Comparison of visceral leishmaniasis diagnostic antigens in African and Asian Leishmania donovani reveals extensive diversity and region-specific polymorphisms

Abstract

Background: Visceral leishmaniasis (VL), caused by infection with Leishmania donovani complex, remains a major public health problem in endemic regions of South Asia, East Africa, and Brazil. If untreated, symptomatic VL is usually fatal. Rapid field diagnosis relies principally on demonstration of anti-Leishmania antibodies in clinically suspect cases. The rK39 immunochromatographic rapid diagnostic test (RDT) is based on rK39, encoded by a fragment of a kinesin-related gene derived from a Brazilian L. chagasi, now recognised as L. infantum, originating from Europe. Despite its reliability in South Asia, the rK39 test is reported to have lower sensitivity in East Africa. A reason for this differential response may reside in the molecular diversity of the rK39 homologous sequences among East African L. donovani strains.

Methodology/principal findings: Coding sequences of rK39 homologues from East African L. donovani strains were amplified from genomic DNA, analysed for diversity from the rK39 sequence, and compared to South Asian sequences. East African sequences were revealed to display significant diversity from rK39. Most coding changes in the 5' half of repeats were non-conservative, with multiple substitutions involving charge changes, whereas amino acid substitutions in the 3' half of repeats were conservative. Specific polymorphisms were found between South Asian and East African strains. Diversity of HASPB1 and HASPB2 gene repeat sequences, used to flank sequences of a kinesin homologue in the synthetic antigen rK28 designed to reduce variable RDT performance, was also investigated. Non-canonical combination repeat arrangements were revealed for HASPB1 and HASPB2 gene products in strains producing unpredicted size amplicons.

Conclusions/significance: We demonstrate that there is extensive kinesin genetic diversity among strains in East Africa and between East Africa and South Asia, with ample scope for influencing performance of rK39 diagnostic assays. We also show the importance of targeted comparative genomics in guiding optimisation of recombinant/synthetic diagnostic antigens.

Figure 1. Leishmania rK39 and HASPB antigen repeats and the PCR primer target sequences.

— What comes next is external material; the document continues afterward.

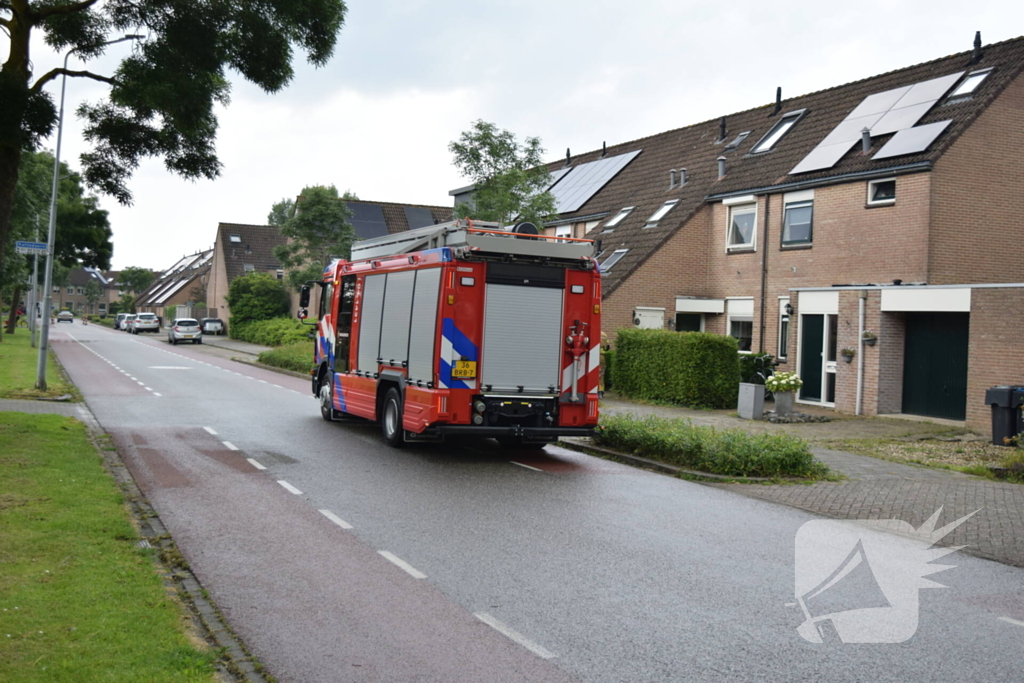 Brandweer onderzoek gaslucht in woning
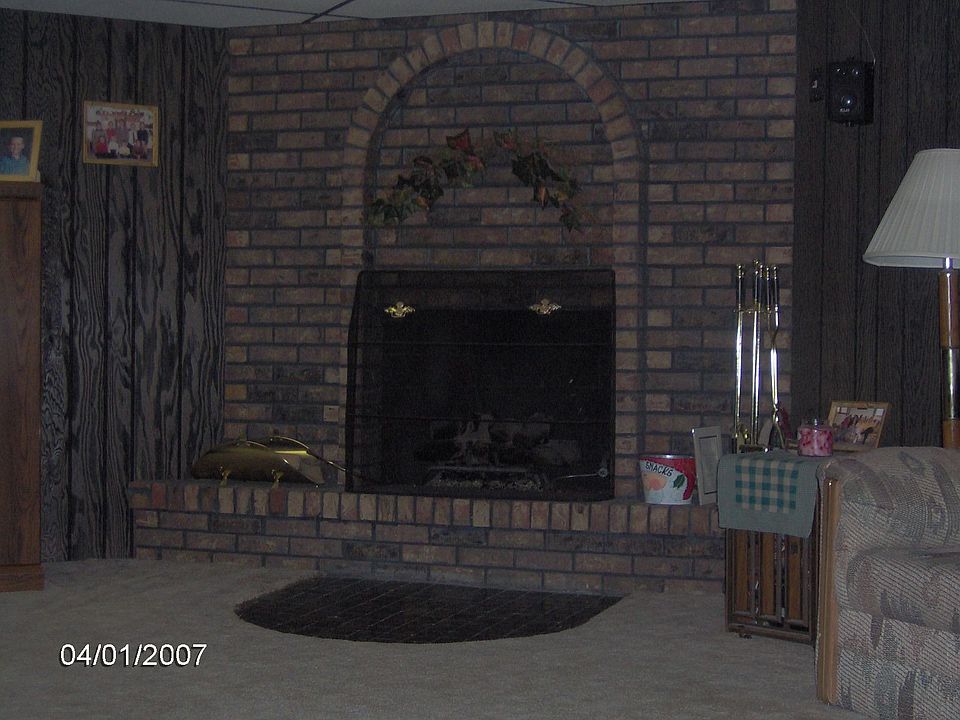 Gas fire place in basement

Repetitive coding regions depicted as filled boxes, PCR primers underlined, and 5′ and 3′ binding positions with amplicons are indicated by dashed lines. [A] Kinesin gene comparison for primer design (* = non-conserved nucleotide). [B] HASPB1 GenBank sequence displays 22× perfect 14aa repeats. [C] HASPB2 GenBank sequence displays 3 imperfect repeats.

Figure 2. Multiple amplicons corresponding to kinesin tandem repeats are produced by PCR primers LdonK39F and LdonK39R.

Amplifications from strains HU3 (LV9), Hussen, and UGX-MARROW, are depicted. Major amplicon sizes differ by 117 bp, the size of the nucleotide sequence encoding the 39aa repeat in the kinesin gene; mk = Hyperladder I (Bioline).

Figure 3. Polymorphisms among seven rK39 repeats of East African and South Asian strains show region-specific substitutions.

Changes between charged and non-charged residues are underlined. No residue entered at a particular site indicates conservation of that residue with the corresponding residue of diagnostic rK39. Where two alternative residues are indicated in smaller text these are not necessarily always within the same strain, for clarification compare with Table 3. Region-specific polymorphisms in each repeat are boxed (East Africa) or circled (South Asia).

Figure 4. Predicted (1064 bp, 260 bp) amplicons and unpredicted (∼400–500 bp) amplicons with HASPB PCR primers LdonHASPBfor and LdonHASPBrev.

Amplifications from strains HU3 (LV9), Hussen, UGX-MARROW, and LRC-L57, are depicted; mk = Hyperladder I.